Friends, you must have realised by now that in future Bengal will have to play a most important role in this fight for freedom. Let all my sisters and brothers in Bengal prepare for this contingency. I must again call upon my sisters and brothers in Ceylon to come forward and march shoulder to shoulder with us for winning our common liberty. This is a golden opportunity not only for India but for Ceylon as well. When India has been waging a gigantic fight for overthrowing the British Imperialism the task of Ceylon has become very much easier than it would otherwise have been. As for India, so also for Ceylon, the watch-word should be ‘Now or Never.’ Ceylon can hope to be free only when she stands and fights with India.

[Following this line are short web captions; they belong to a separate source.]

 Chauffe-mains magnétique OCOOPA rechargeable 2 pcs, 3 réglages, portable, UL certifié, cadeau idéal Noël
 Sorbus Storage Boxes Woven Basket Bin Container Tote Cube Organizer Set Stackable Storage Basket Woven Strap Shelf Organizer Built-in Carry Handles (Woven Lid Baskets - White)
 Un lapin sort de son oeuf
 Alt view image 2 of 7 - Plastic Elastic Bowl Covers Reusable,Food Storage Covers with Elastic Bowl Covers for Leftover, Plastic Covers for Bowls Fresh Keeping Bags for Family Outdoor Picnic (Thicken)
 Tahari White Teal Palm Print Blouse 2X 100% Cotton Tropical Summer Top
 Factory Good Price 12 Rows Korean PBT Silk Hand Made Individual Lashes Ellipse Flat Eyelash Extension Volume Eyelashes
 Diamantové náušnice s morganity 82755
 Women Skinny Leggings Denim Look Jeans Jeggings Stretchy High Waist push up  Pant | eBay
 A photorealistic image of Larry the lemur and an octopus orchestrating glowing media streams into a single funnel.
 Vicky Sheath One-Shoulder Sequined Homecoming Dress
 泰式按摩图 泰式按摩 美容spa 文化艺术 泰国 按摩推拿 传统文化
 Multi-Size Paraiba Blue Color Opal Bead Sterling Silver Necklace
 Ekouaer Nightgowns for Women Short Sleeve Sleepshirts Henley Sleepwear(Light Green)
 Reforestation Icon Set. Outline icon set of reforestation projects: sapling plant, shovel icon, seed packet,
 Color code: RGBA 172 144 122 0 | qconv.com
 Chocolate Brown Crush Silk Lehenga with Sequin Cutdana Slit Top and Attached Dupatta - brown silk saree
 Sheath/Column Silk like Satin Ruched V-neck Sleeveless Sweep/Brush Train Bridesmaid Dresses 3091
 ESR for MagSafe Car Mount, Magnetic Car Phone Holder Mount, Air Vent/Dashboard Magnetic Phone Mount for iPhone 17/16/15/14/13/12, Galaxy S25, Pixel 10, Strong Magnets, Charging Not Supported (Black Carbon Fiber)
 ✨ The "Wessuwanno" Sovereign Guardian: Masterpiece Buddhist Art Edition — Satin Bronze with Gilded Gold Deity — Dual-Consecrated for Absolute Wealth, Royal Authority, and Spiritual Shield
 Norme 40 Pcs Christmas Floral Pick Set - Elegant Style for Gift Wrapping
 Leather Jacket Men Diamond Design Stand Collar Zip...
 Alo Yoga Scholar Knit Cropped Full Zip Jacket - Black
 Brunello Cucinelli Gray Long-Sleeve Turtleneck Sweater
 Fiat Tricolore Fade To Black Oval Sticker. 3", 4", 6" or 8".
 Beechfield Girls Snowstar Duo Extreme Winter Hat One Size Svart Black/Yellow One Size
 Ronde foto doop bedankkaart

Friends, do not be carried away for one moment by the pretensions and propaganda carried on by Anglo-American agencies. Look at the map of the world yourselves and you will understand the position today. Except in Africa, the Allies have not made any success anywhere in the world worth the name; and even in Africa, the Allies have not achieved what they promised to the whole world. General Eisenhower is still marking time and sometimes retreating in North Africa. To hide the shame of defeat, they have been saying that the most important theatre of war is Russia and not Africa. In Europe, British power and influence simply does not exist. In Russia, the real position will be apparent to anybody who looks at the respective positions of the two armies. In the Far East, the Anglo-Americans have received a shattering defeat and Japanese forces now stand on the eastern frontiers of India. The repeated declarations of the Japanese Prime Minister, General Tojo, have informed the world and the Indian people as to what the Japanese policy in Asia is, and what Japanese policy towards India really is. The final decision of this war will be not in Africa but in Europe and in Asia; and one can see for himself where the Anglo-American forces stand today in Europe and in Asia. They are in a desperate position and any amount of loud and boastful propaganda cannot save them.
Friends, in conclusion, I call upon you to exert yourself to the utmost in this most critical hour in our history. Victory is assured. Time is working for us. Our Allies abroad are all ready to help us. What more can we desire? We have only to continue the struggle, come what may, and no matter what the sacrifice may be. Be confident that India is going to be free and that before long.
Down with British Imperialism! Long Live free India! Long Live Revolution!